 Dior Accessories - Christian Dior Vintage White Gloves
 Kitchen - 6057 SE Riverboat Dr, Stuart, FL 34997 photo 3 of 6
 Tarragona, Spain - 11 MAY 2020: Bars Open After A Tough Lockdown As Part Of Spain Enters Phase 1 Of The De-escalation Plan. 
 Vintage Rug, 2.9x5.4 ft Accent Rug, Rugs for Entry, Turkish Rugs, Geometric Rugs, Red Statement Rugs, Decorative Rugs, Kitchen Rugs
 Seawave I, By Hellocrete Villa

--

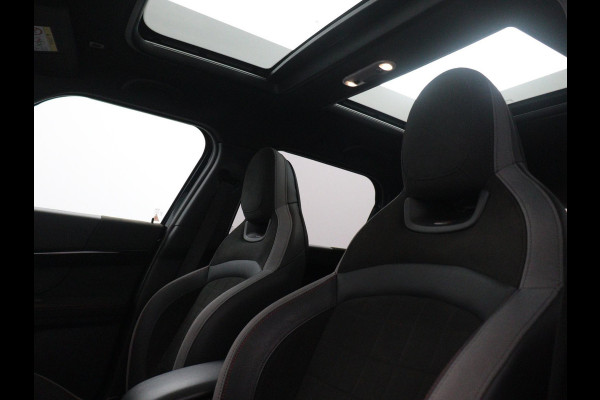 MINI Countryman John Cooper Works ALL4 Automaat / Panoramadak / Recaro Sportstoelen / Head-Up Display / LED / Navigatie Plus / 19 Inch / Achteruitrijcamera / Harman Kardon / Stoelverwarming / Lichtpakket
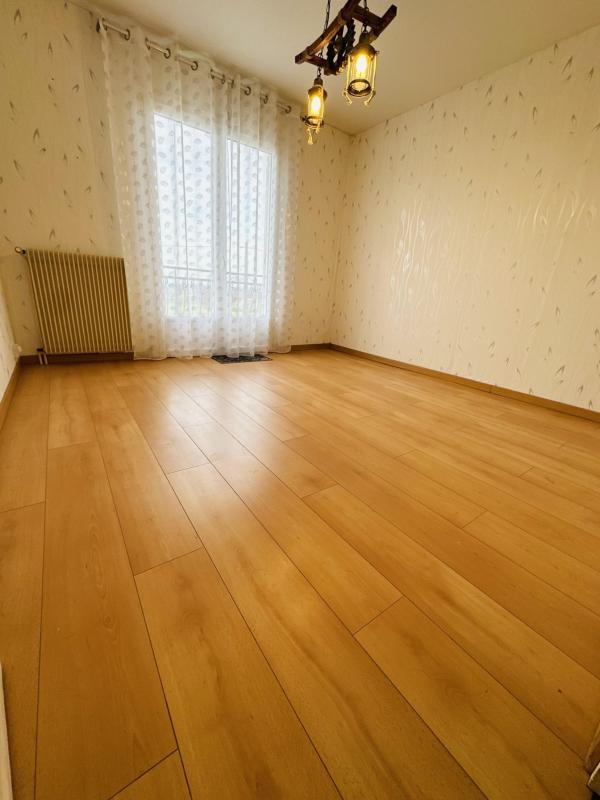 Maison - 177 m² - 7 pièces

■ **EXERCISE**: Check each line of the records above for the word "Kitchen", count the lines that have it, and give only the count.

■ **RESULT FOR THIS EXERCISE**: 2